Stored dataset items:

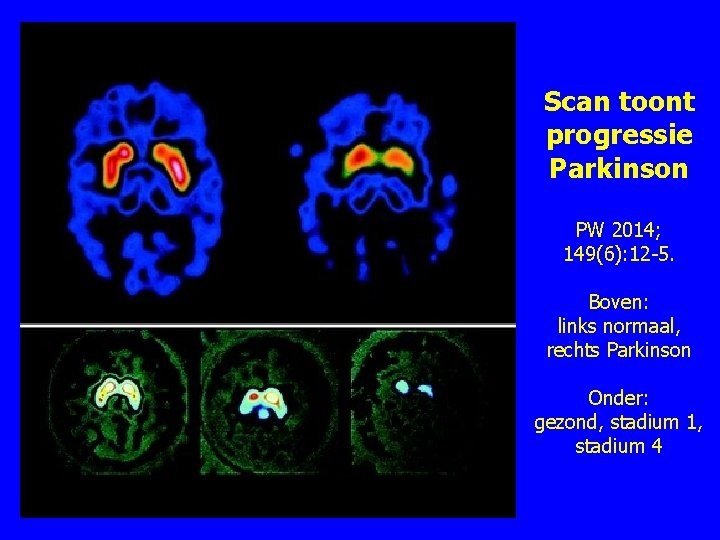 Scan toont progressie Parkinson PW 2014; 149(6): 12 -5. Boven: links normaal, rechts Parkinson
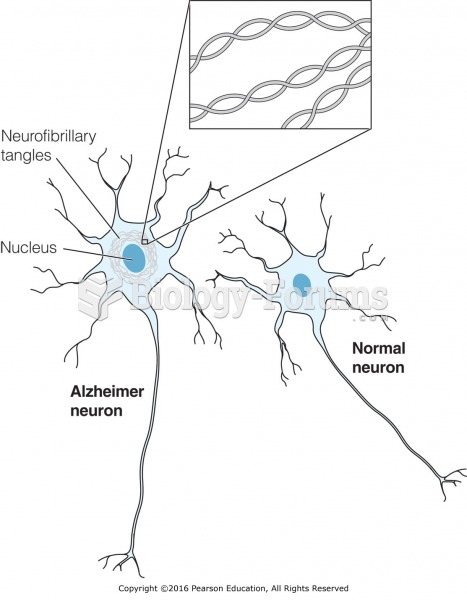 Neuron with neurofibrillary tangles seen in Alzheimer’s disease.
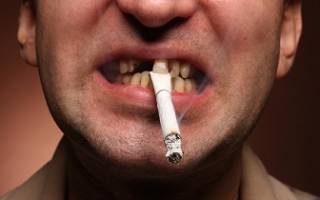 Сколько нельзя курить после удаления зуба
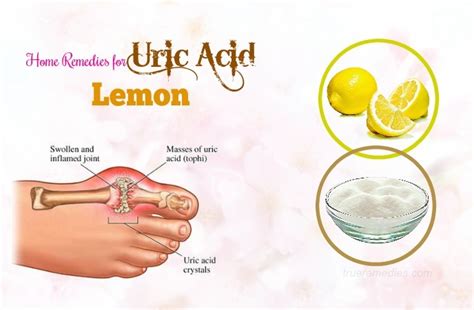 19 Natural Home Remedies For Uric Acid Control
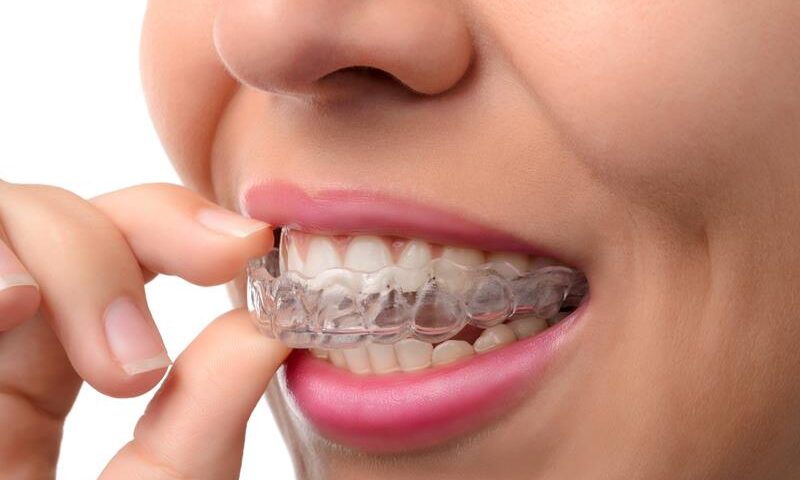 Pros and Cons of Invisalign Treatment in Tallahassee, FL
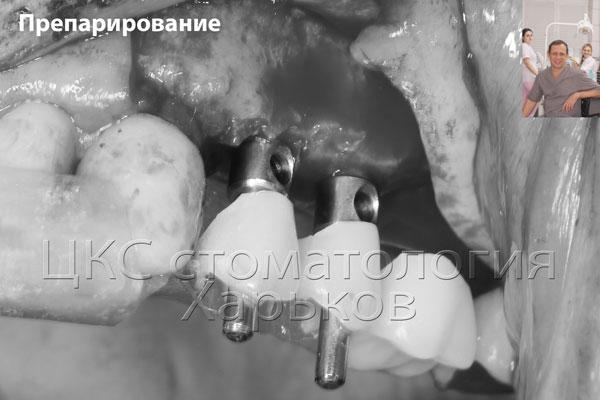 Установка имплантатов при помощи хирургического шаблона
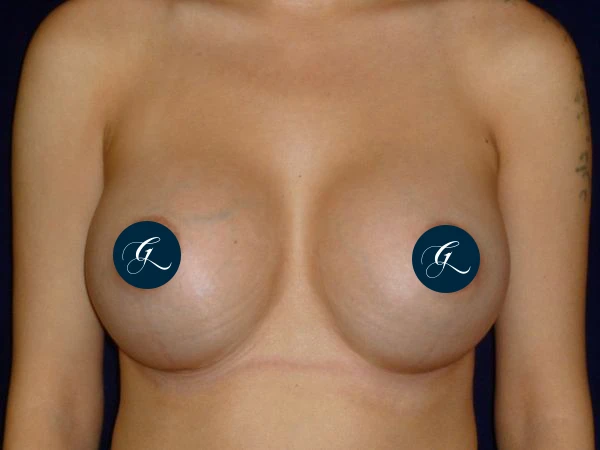 breast-augmentation--3509-covered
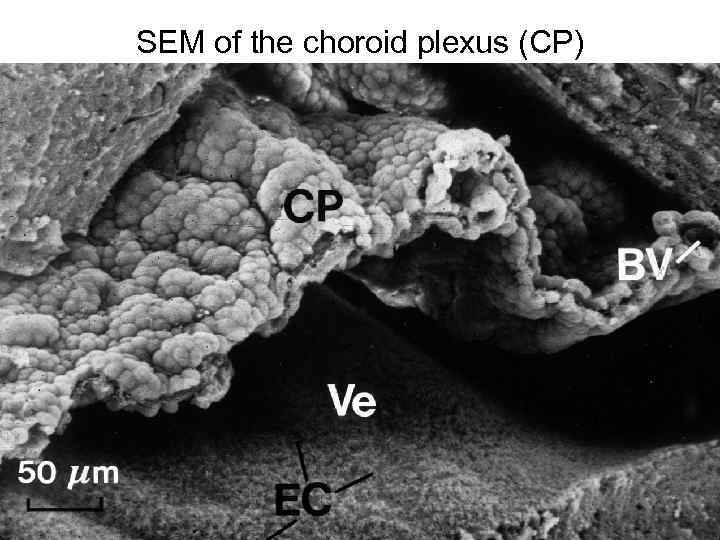 SEM of the choroid plexus (CP) 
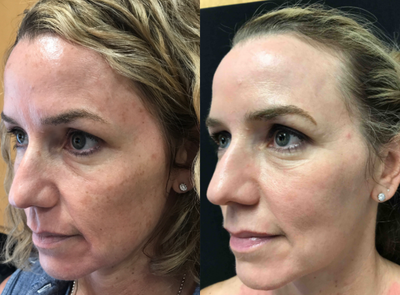 Fraxel Laser before and after photo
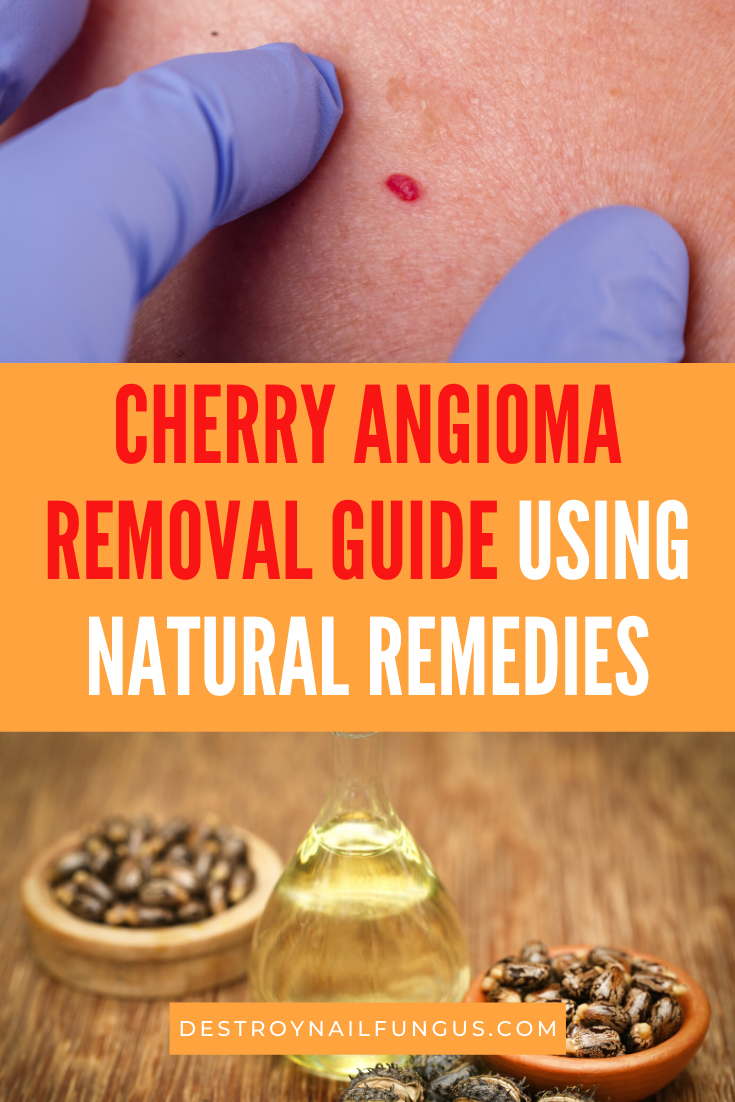 cherry angioma removal apple cider vinegar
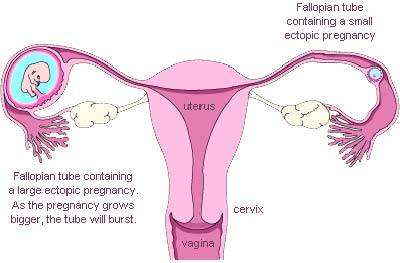 Ectopic Pregnancy Is Rare. Here's What You Need To Know.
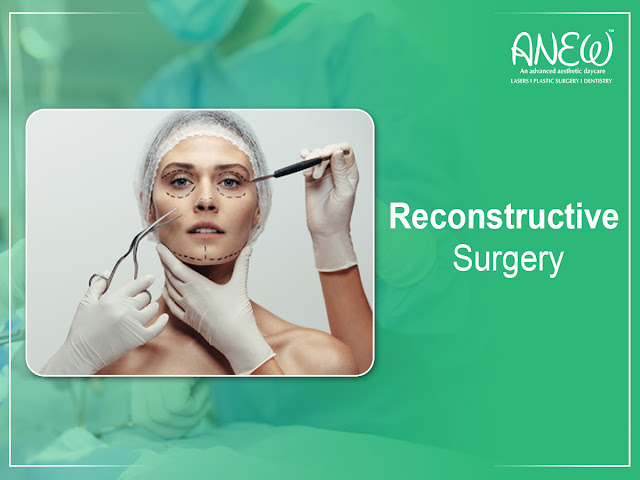 Reconstructive surgery in Bangalore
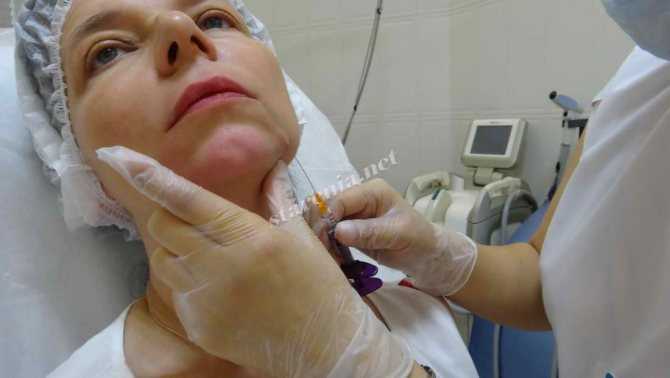 Почему американские косметологи рекомендуют пациентам старше 50 лет курс «profhilo» — нового препарата на основе гиалуроновой кислоты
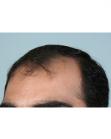 Before Hair Transplant&nbsp;Front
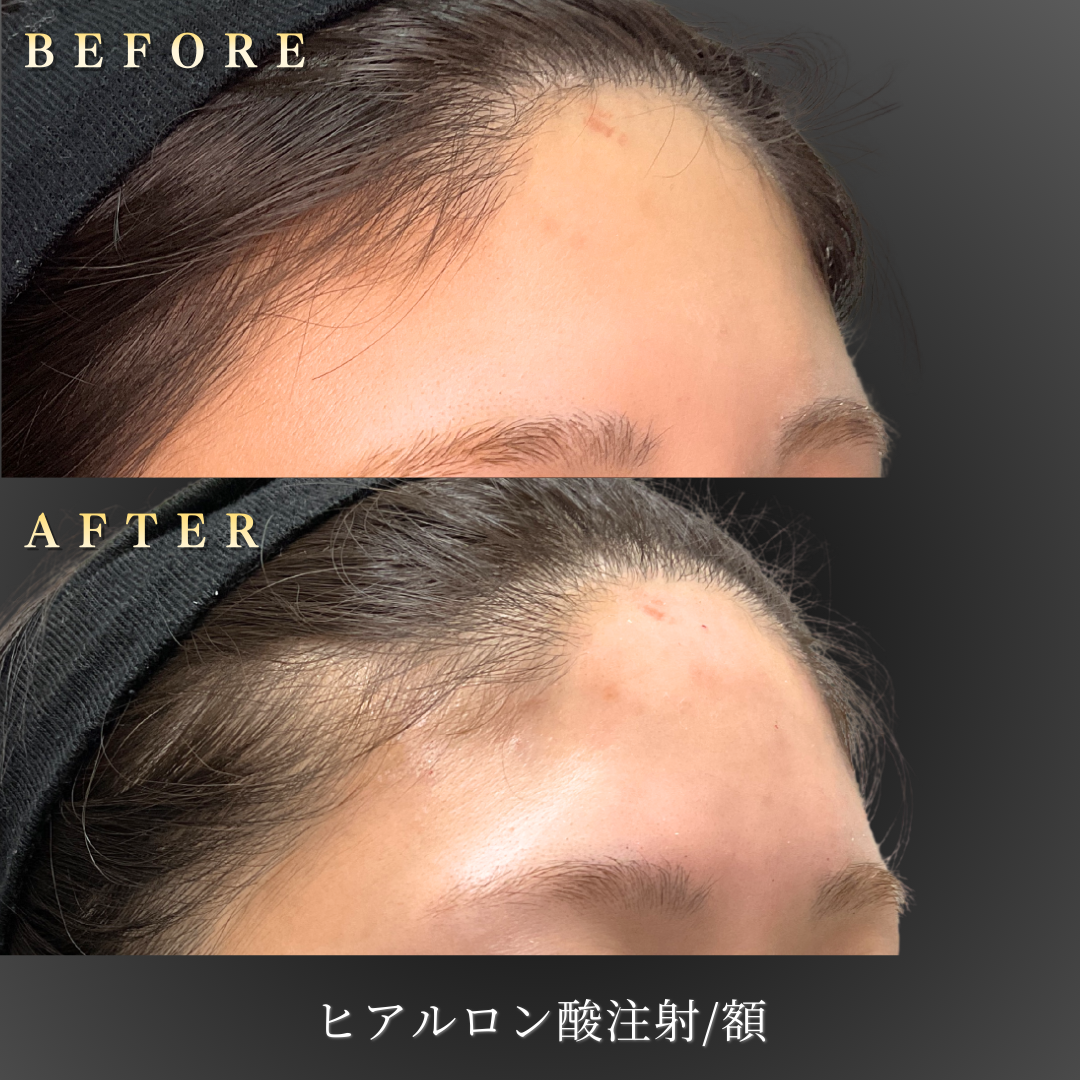 20代女性の額ヒアルロン酸施術の右45度Before/After写真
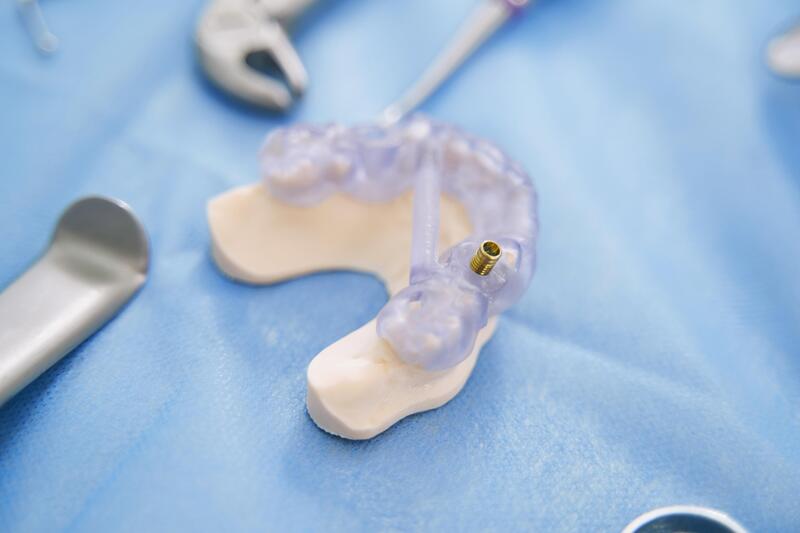 Modèle de mâchoire avec implant dentaire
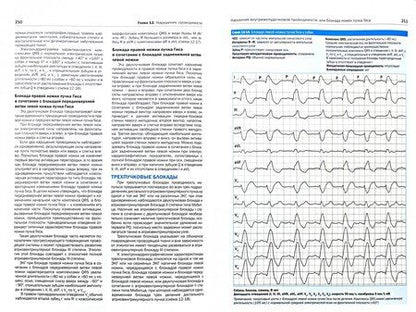 Фотография книги "Сантилли, Перего: Электрокардиография собак и кошек. Формирование и интерпретация сердечного ритма"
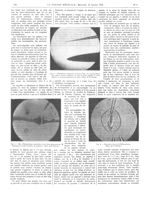 Fig. 4. Dimensions comparées au microscope, des pointes d'une fine aiguille d'acier ordinaire (en ba [...]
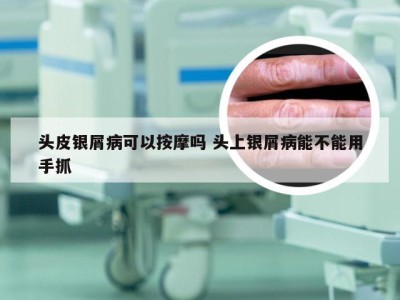 头皮银屑病可以按摩吗 头上银屑病能不能用手抓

Exercise description: Pictures don't belong in the copy. Retype exactly the lines from the one with "cherry angioma removal apple cider vinegar" through the last line of the records.

Reply to the exercise:
 cherry angioma removal apple cider vinegar
 Ectopic Pregnancy Is Rare. Here's What You Need To Know.
 Reconstructive surgery in Bangalore
 Почему американские косметологи рекомендуют пациентам старше 50 лет курс «profhilo» — нового препарата на основе гиалуроновой кислоты
 Before Hair Transplant&nbsp;Front
 20代女性の額ヒアルロン酸施術の右45度Before/After写真
 Modèle de mâchoire avec implant dentaire
 Фотография книги "Сантилли, Перего: Электрокардиография собак и кошек. Формирование и интерпретация сердечного ритма"
 Fig. 4. Dimensions comparées au microscope, des pointes d'une fine aiguille d'acier ordinaire (en ba [...]
 头皮银屑病可以按摩吗 头上银屑病能不能用手抓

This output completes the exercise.